Friday, December 14, 2007

Badawi defends crackdown on Hindraf

Badawi defends crackdown on Hindraf

Malaysian PM warns ethnic Indians of tough action
Posted online: Friday, December 14, 2007 at 0000 hrs IST
Kuala Lumpur, December 14:

Defending the decision to invoke a draconian security law against ethnic-Indian leaders, Malaysian Prime Minister Abdullah Badawi said their actions "could be deemed as treachery" while an opposition party said it will challenge the move in court.

Abdullah said Hindu Rights Action Force’s (Hindraf) allegations of "ethnic cleansing" and marginalisation of ethnic-Indians in Malaysia had hurt the country's image and could seriously impair efforts to attract investors and tourists.
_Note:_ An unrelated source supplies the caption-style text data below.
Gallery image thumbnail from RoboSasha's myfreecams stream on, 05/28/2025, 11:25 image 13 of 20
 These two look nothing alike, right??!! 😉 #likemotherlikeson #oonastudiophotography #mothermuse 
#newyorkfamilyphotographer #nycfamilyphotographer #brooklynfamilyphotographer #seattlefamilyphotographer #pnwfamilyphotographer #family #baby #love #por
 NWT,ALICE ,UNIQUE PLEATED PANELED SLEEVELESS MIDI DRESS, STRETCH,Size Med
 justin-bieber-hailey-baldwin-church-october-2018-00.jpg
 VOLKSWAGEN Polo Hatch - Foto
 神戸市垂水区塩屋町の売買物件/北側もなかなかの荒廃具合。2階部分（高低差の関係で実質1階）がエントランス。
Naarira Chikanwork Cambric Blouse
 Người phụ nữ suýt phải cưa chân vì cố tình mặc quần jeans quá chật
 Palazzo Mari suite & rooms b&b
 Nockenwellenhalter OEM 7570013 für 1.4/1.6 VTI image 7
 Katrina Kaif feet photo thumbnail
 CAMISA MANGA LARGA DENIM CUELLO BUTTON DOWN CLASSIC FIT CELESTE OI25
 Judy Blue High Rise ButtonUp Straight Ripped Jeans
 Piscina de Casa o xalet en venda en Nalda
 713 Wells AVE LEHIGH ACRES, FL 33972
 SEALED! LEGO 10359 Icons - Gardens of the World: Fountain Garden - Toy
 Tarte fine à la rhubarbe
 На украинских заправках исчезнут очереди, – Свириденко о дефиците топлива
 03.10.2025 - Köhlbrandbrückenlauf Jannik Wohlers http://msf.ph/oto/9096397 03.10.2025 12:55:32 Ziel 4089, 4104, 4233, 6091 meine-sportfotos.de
"These actions could be deemed as treachery," he was quoted as saying by media here after signing the detention orders for five Hindraf leaders under the Internal Security Act (ISA) which allows detention without trial.

"Yes, I have signed the detention orders and there is nothing more to explain," Abdullah said. "When I feel the situation warrants it, I just sign," he said after a close-door meeting with Brisan Nasional leaders, declining to reveal if more people would be detained.

However, police said "others involved or having links with any terrorist organisation that could threaten or jeopardise national security will be picked up." Abdullah said the country's peace and security superseded the freedom of speech. "I value what is freedom, but law and order is more important and needs to be preserved."
The opposition party DAP said it will file a habeas corpus application to challenge the order detaining five Hindraf leaders under ISA.
"We will act immediately, in the interest of the public, and ensure no one is victimised," its chairman Karpal Singh was quoted as saying. Two of those detained, M. Manoharan and V. Ganabathirau, are DAP members.

"Under any circumstances, the use of the ISA should not be justified. If there is any evidence, the accused should be given opportunities to face trial in open court. The authorities have gone too far in invoking the ISA," Singh said.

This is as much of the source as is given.